▶ _What to produce_
Retype the material below exactly, from its first line through the line with "Eurofighter Typhoon FGR4"; the pictures stay out.

>>>>>

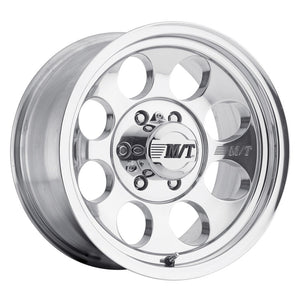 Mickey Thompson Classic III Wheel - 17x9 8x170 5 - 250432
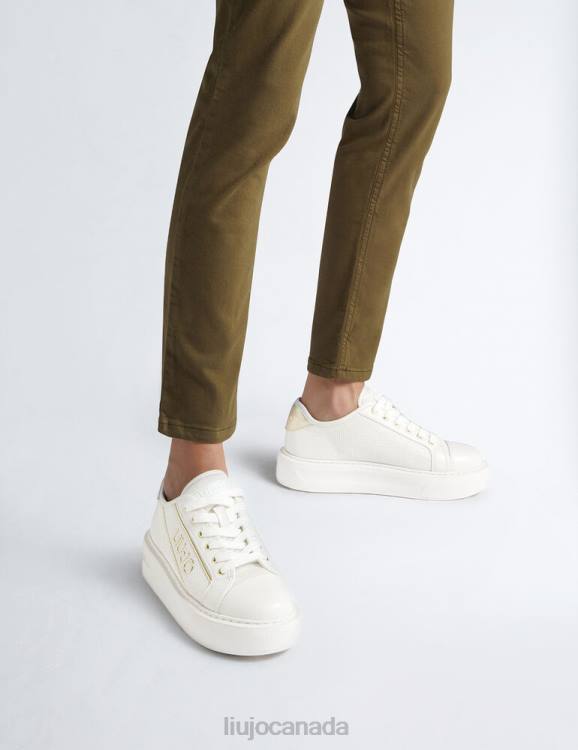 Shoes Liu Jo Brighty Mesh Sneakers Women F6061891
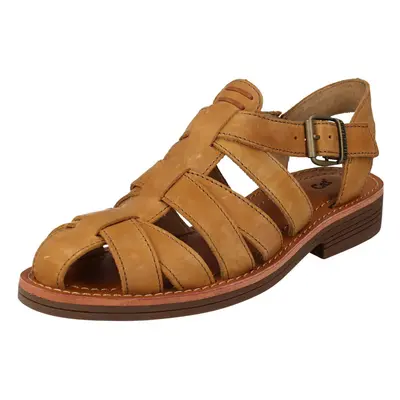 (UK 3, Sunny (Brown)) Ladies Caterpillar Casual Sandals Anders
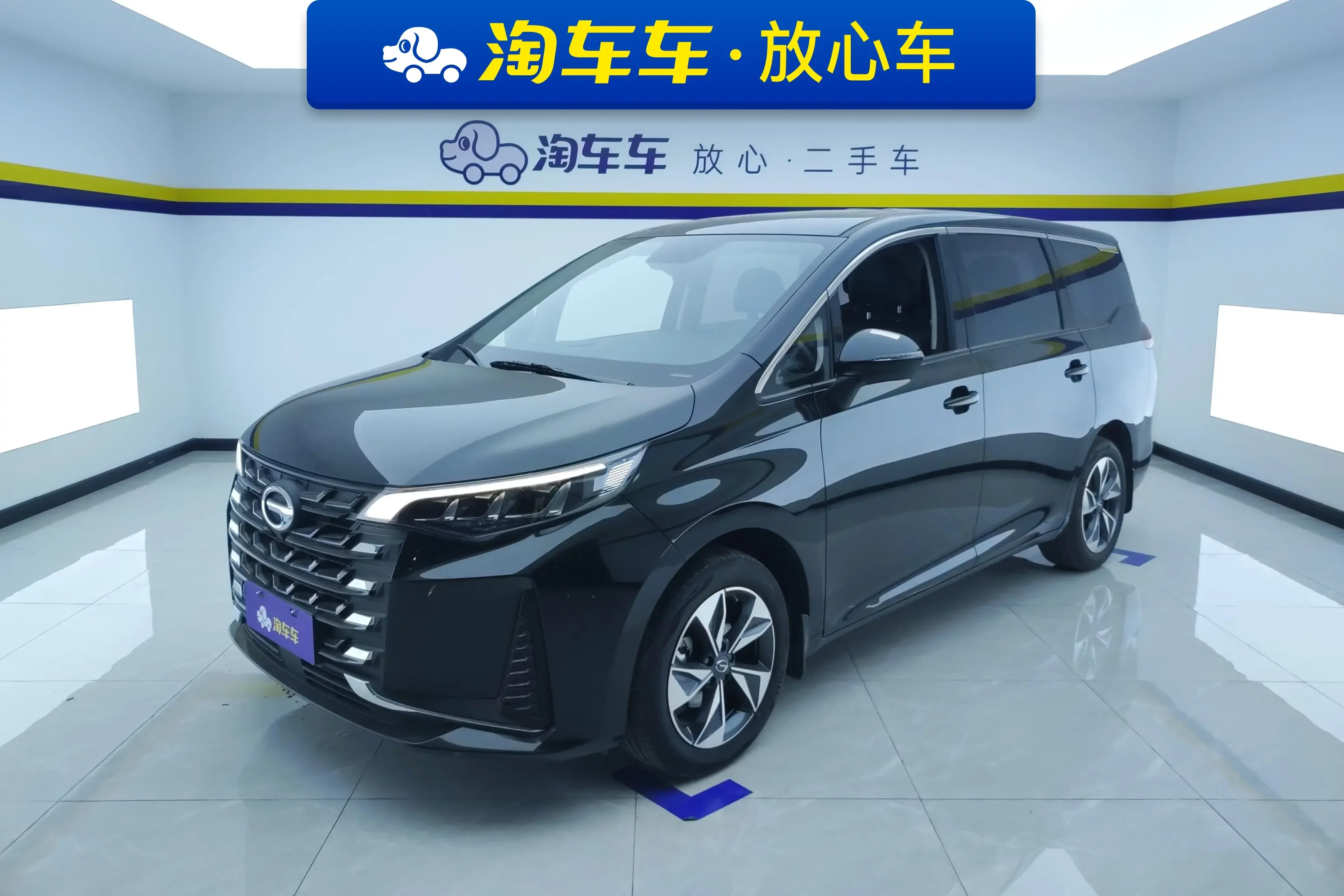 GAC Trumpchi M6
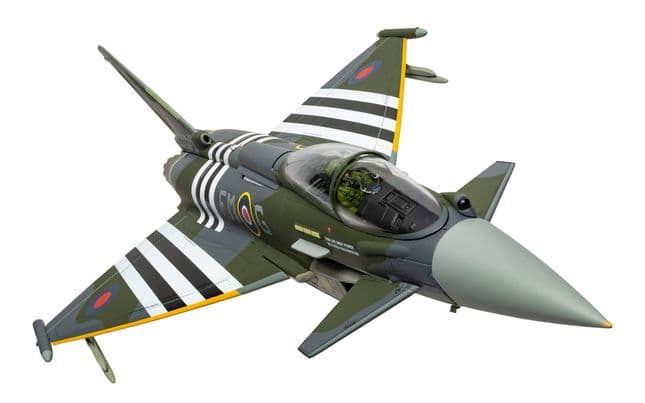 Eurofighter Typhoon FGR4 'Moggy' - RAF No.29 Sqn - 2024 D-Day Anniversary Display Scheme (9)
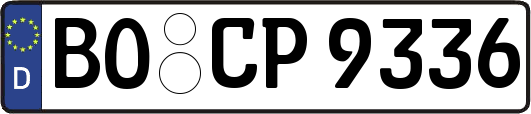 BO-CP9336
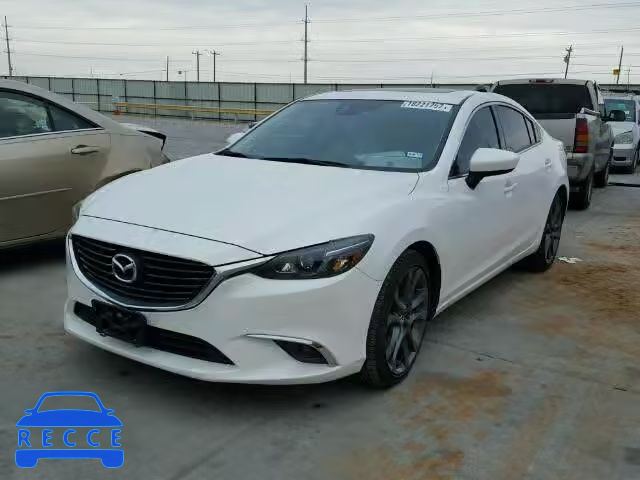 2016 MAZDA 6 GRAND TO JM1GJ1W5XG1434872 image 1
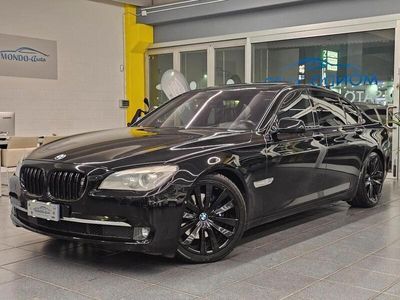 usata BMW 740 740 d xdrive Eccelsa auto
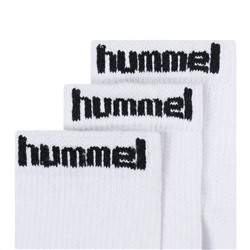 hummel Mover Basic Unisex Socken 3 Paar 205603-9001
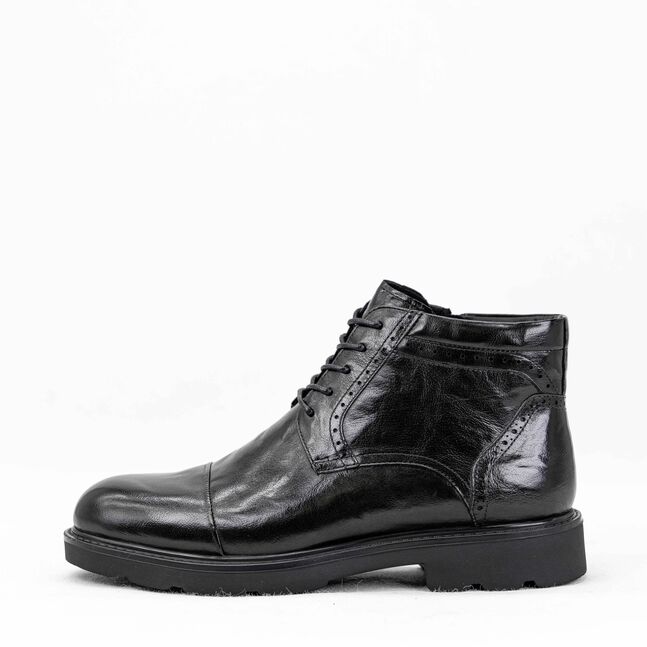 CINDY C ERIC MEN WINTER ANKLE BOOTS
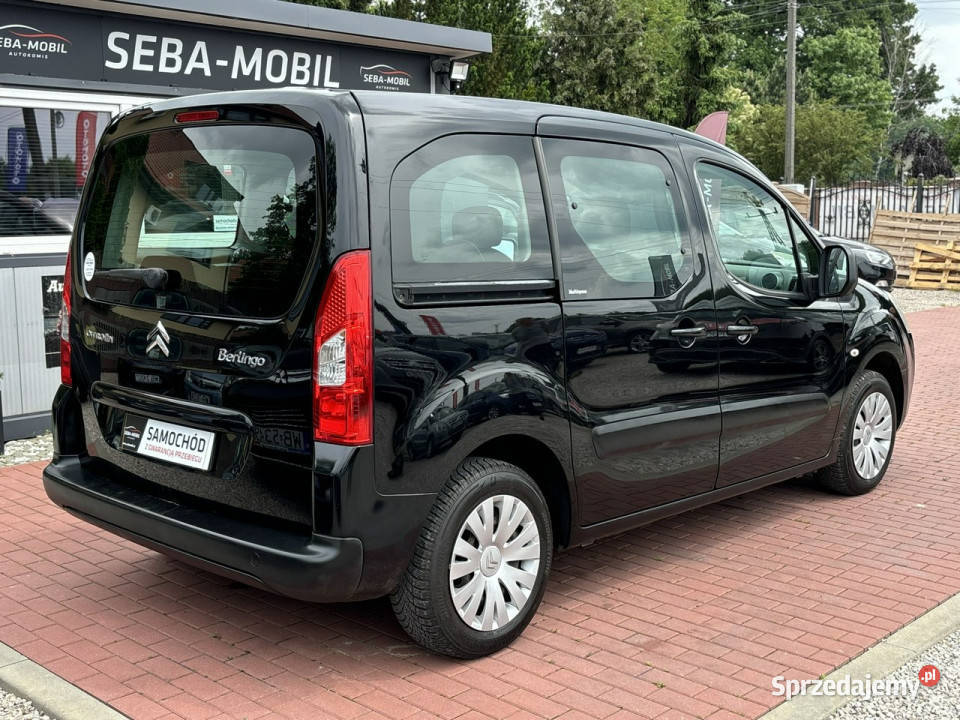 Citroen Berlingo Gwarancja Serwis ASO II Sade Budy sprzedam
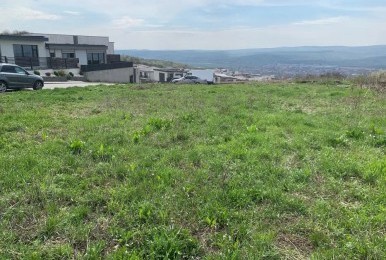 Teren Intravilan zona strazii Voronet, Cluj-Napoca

<<<<<

▶ _Response area_
 Mickey Thompson Classic III Wheel - 17x9 8x170 5 - 250432
 Shoes Liu Jo Brighty Mesh Sneakers Women F6061891
 (UK 3, Sunny (Brown)) Ladies Caterpillar Casual Sandals Anders
 GAC Trumpchi M6
 Eurofighter Typhoon FGR4 'Moggy' - RAF No.29 Sqn - 2024 D-Day Anniversary Display Scheme (9)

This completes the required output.